I watched the demo. The music barely matched any of the moods in the footage, but the sound was there. Won’t be long, people, so learn to work with the machines! Meanwhile, I’ll be working on my modular-synth retirement.


----------



## KarlHeinz (Jul 15, 2021)

I am usually a big fan of AI stuff as long as there is the option to get involved as some kind of "musician" (whatever that means in detail, for me its more about sounds then notes).

But here no "musician" needed it seems. AI does the composition, AI then does the sounds (its kind of crazy, it generates a midi but you wont get it, only next AI engine gets it.....).

Only part (yet !!! who knows for how long ......) missing the transcription of the musical task for the AI to bring the results.....I am sure this will be "fixed" soon and nobody needed anymore (maybe for listening.....but.....how long.....).

Sigh.....


----------



## SergeD (Jul 15, 2021)

Sadly for some composers the stock music extinction is not far ahead
https://www.stockmusicextinction.com/

But I wonder if an AI song could be sued for piracy by another AI song. As example, at 19 seconds, the cinematic demo is clearly taken from the Jurassic park theme. 




__





Dynascore


Dynascore is the world’s first Dynamic Music Engine. Magically compose tracks that are perfectly synchronized with your video.




www.wonder.inc




If that theme is overused in many AI songs, that could lead to some funny situation where a an AI is sued by a second AI, that would be cool


----------



## Vlzmusic (Jul 15, 2021)

The music in the "scenes change" is rubbish. If your clients buy rubbish from you, they may switch to the AI supplier.


----------



## SamC (Jul 15, 2021)

I assume the quality of AI music and its ability to score will become exponentially better very quickly. They're going hard on data collection to constantly refine. These companies have been contacting composers to test them, which seems...counterintuitive for the composer - - refining an AI that aims to chip away his/her livelihood. 

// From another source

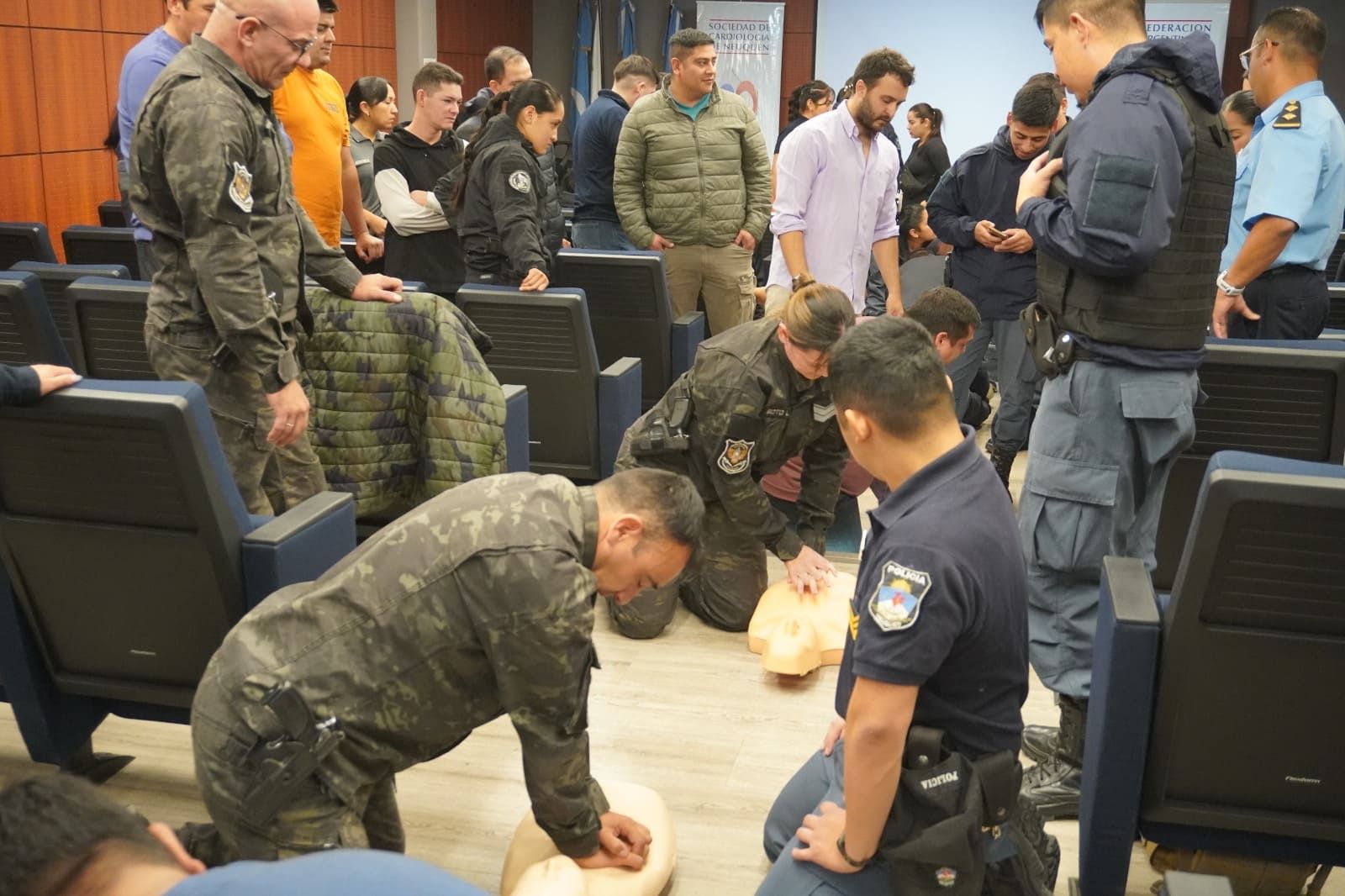 Lee más sobre el artículo CALF: Personal policial recibe formación clave en RCP y desfibriladores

If your main gig is underscore library or corporate, the clock is ticking for sure.


----------



## germancomponist (Jul 15, 2021)

At some point, computers and machines do everything. Then why should one still live, or from what, if there are hardly any jobs left?


----------



## mybadmemory (Jul 15, 2021)

The way I see it all crafts can and will be reproduced by AI at some point. What cannot be replaced however is the ideas. So if you want to stay relevant, make sure what you sell is not just the craft, the hours, the production, but the ideas, the thinking, and the creativity and what makes you unique.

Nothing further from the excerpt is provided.